Prerequisites
In order to run the sample application, the Microsoft .NET Framework 2.0 or higher must be installed. In addition, Microsoft Office 2003 or higher must be installed along with the Microsoft Office 2003 Primary Interop Assemblies (PIAs) redistributable. These PIAs are installed if one performs a full install of Microsoft Office 2003, or you can get them for free from Microsoft.

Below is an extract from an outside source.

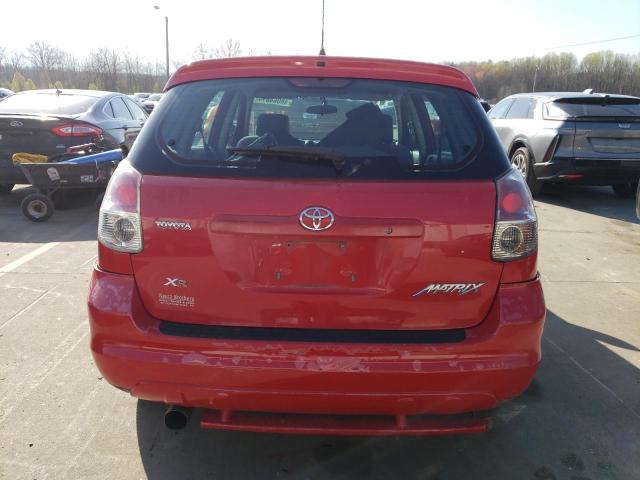 Photo 6 from auction – 2005 TOYOTA COROLLA MA with VIN 2T1KR32E65C332742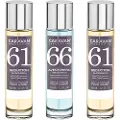 Caravan Nº61x2/nº66 150ml Parfyme 3 Enheter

For more information on how to install and use the Primary Interop Assemblies in .NET programs, please refer to
this link.
I would like to emphasize that one does not need Visual Tools for Office to run or modify this program.
Introduction
Regular Expressions are a very powerful tool for text processing. Sophisticated expressions can be used to find all kinds of patterns of text. Regular Expression engines are integrated into many text editors. Most Regular Expression examples show how to manipulate either ASCII or Unicode text. In addition to editors that handle the standard text formats mentioned previously, there are millions (or probably billions) of documents encoded in one of Microsoft’s many Office formats, such as WORD format (doc), Rich Text Format (RTF), and Excel (XLS). While one can perform searches in Microsoft Office documents using Regular Expressions through the use of Smart Tags, its implementation is cumbersome for many document processing purposes. In this article, I will present a simple methodology of applying the power of Regular Expressions to Microsoft Word documents through the use of the Microsoft .NET Framework. The methodology makes use of the System.Text.RegularExpressions
namespace and the Microsoft Word interop assemblies to realize this solution. In addition, through the use of dynamically loadable assemblies, every Regular Expression match can be validated to ensure that the match is correct. For example, it is quite easy to write a Regular Expression for a numerical date of the form 02/07/2007 for February 7, 2007. But to include in the Regular Expression checks for invalid dates such as 04/31/2002 or 02/30/2007 is quite difficult without code that performs such checks.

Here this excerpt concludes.